1. A method for managing a shutdown of a boiler comprising: providing a duct, providing at least a heat exchanging component; wherein the at least a heat exchanging component includes: tubed heat exchanging surfaces within the duct, headers outside the duct, the headers being connected to the tubed heat exchanging surfaces, the headers and the tubed heat exchanging surfaces containing steam; regulating the temperature of the headers during shut down to a target temperature that is a function of the expected temperature for the steam moving from the tubed heat exchanging surfaces into the headers at a starting up following the shutdown; and wherein regulating the temperature of the headers includes maintaining a steam flow through the headers after shutdown of the firing system by maintaining a steam circulation from the tubed heat exchange surfaces connected to the respective headers and through said headers.

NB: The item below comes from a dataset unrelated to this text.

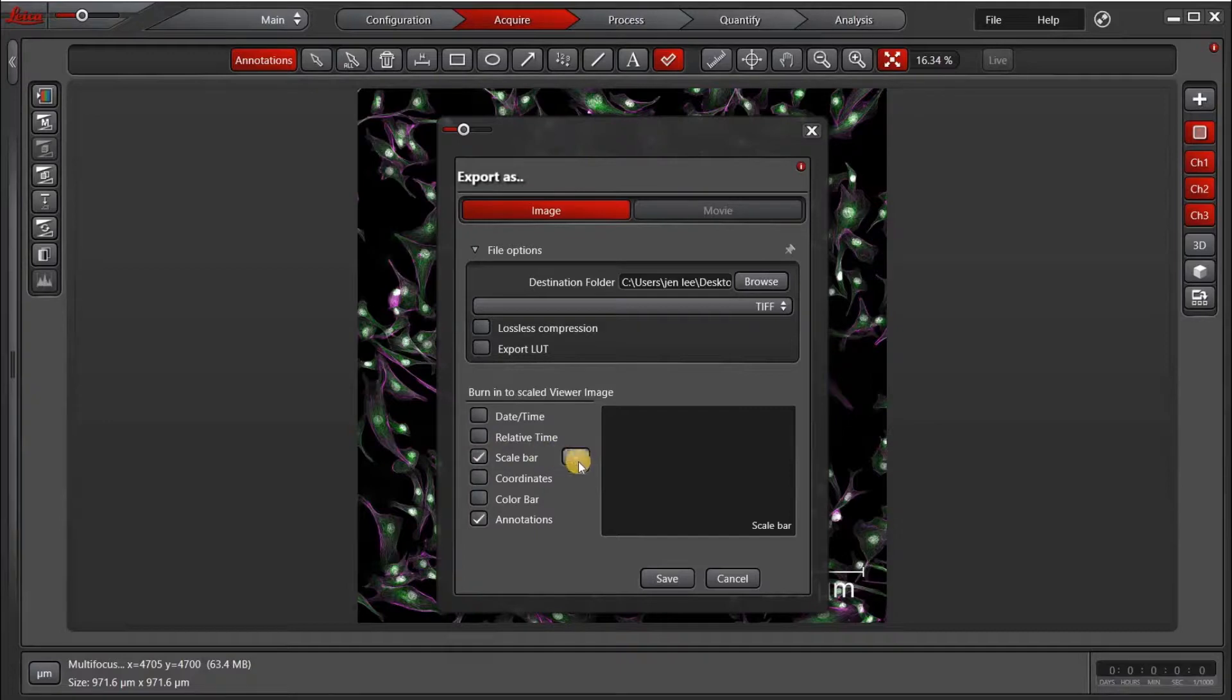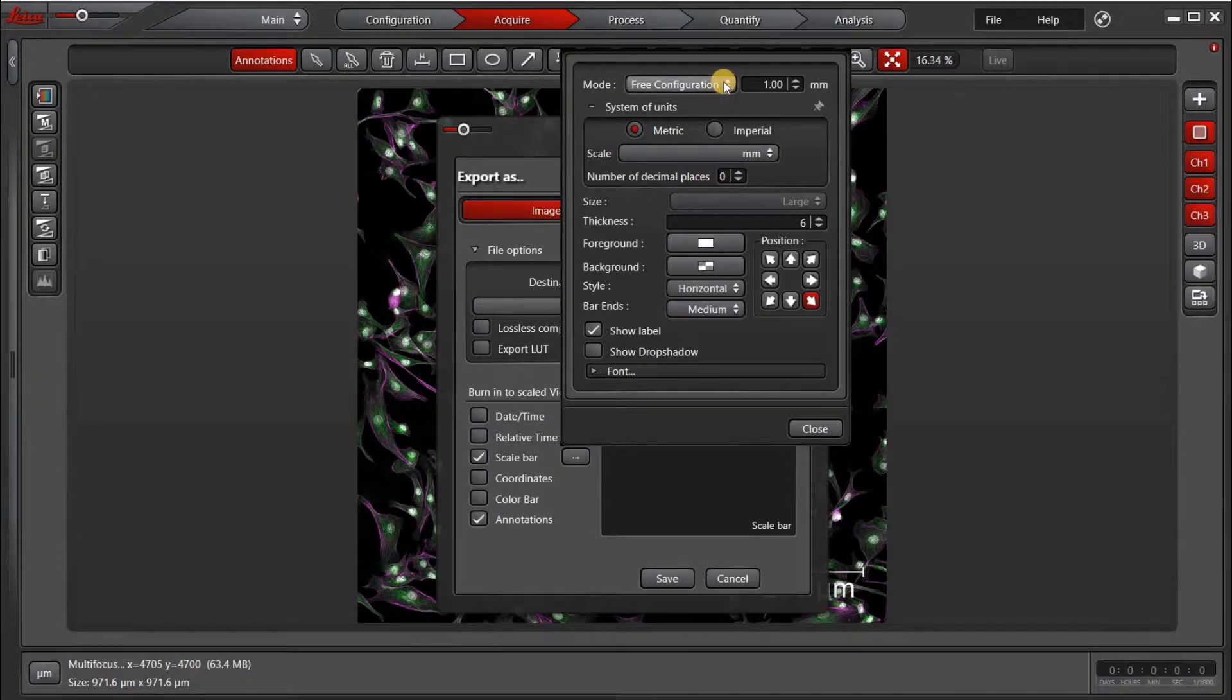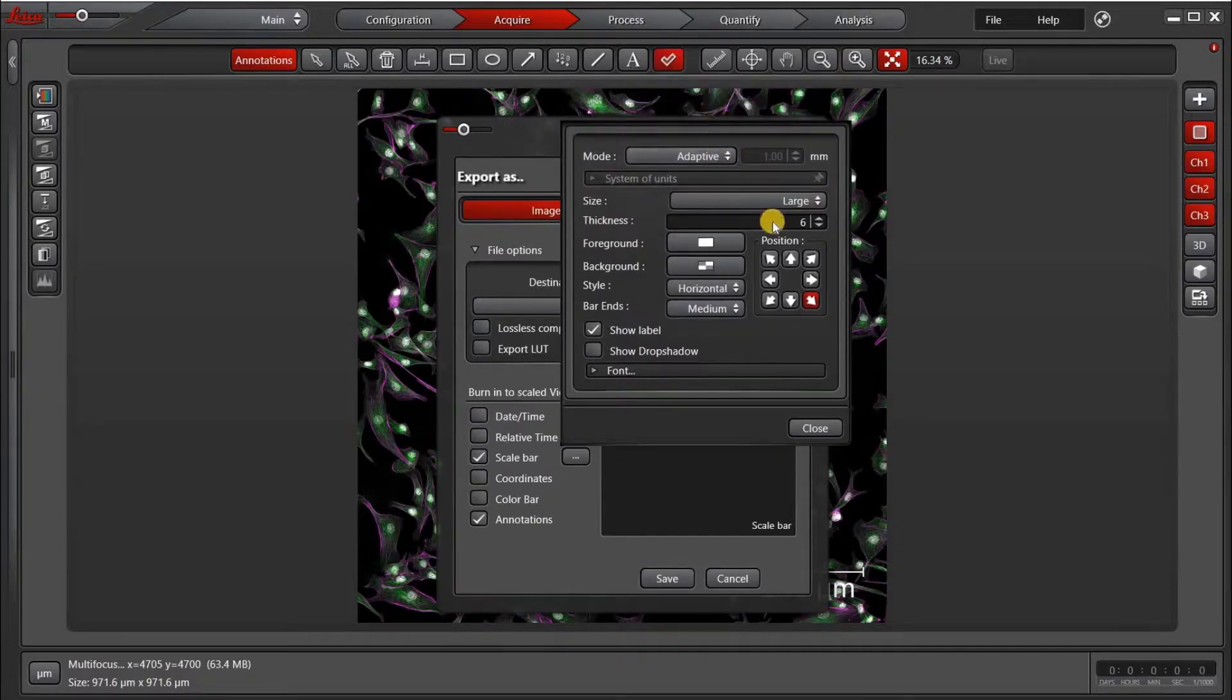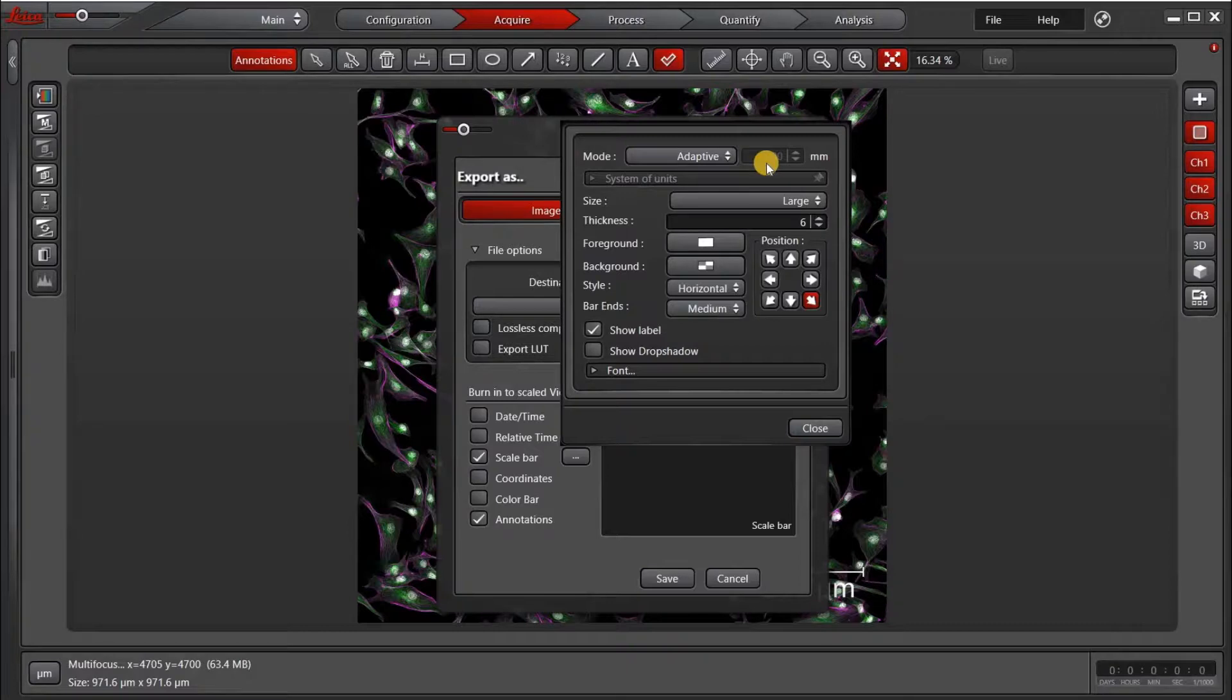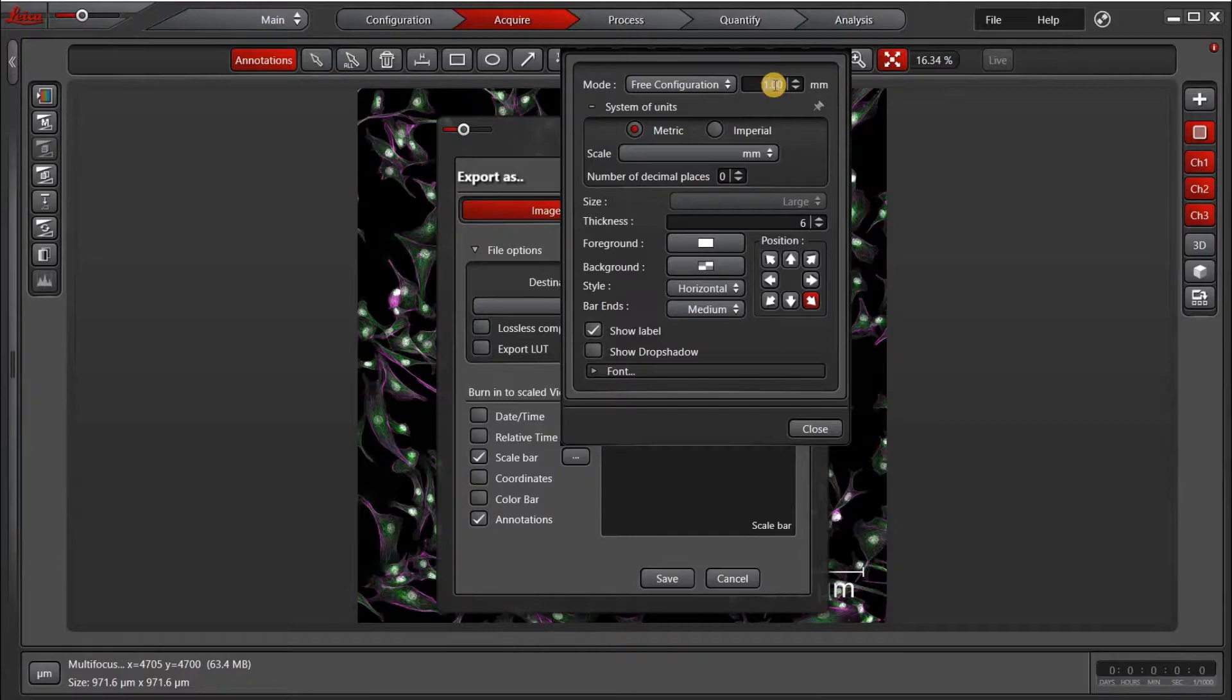So next to the scale bar, we have this dot, dot, dot. And here we can choose between different options. The first thing is to choose the mode. One is Free Configuration, and the other is Adaptive. Adaptive means it'll choose for you what it thinks is the best scale bar. I often use Free Configuration because I want to be able to make my own choice about the units that I'm using and how big the scale bar is.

2. The method according to claim 1 further comprising: providing a high pressure bypass control valve downstream of the at least a heat exchanging component, configured such that maintaining a flow through the headers includes maintaining a steam flow through the high pressure bypass control valve.

3. The method according to claim 2 further comprising: wherein the heat exchanging component is a superheater and the high pressure bypass control valve is downstream of the superheater.

4. The method according to claim 1 further comprising: maintaining a gas flow within the duct during shutdown.

5. The method of claim 4 further comprising: wherein the boiler includes a fan for gas circulation through the duct, configured such that maintaining a gas flow includes operating the fan.

6. The method of claim 5 further comprising: wherein operating the fan includes operating the fan at minimum load.

7. The method of claim 6 further comprising: wherein operating the fan includes operating the fan at less than 10% of its nominal mass flow.

8. The method according to claim 1 further comprising: regulating the pressure within the boiler during shutdown or before shutdown.

9. The method of claim 4 further comprising: wherein the boiler further comprises one or more high pressure bypass control valves downstream of a superheater and/or one or more low pressure by-pass control valves downstream of the reheater, configured such that regulating the pressure includes regulating the high pressure bypass control valves and/or the low pressure by-pass control valves.

10. The method according to claim 8 further comprising: wherein the boiler further comprises an economizer, configured such that regulating the pressure includes circulating water through the economizer and evaporating at least partly water passing through the economizer.

11. The method according to claim 10 further comprising: wherein regulating the pressure further includes circulating air through the duct.

12. The method of claim 11 further comprising: wherein the boiler includes a fan for gas circulation through the duct, configured such that circulating air includes operating the fan.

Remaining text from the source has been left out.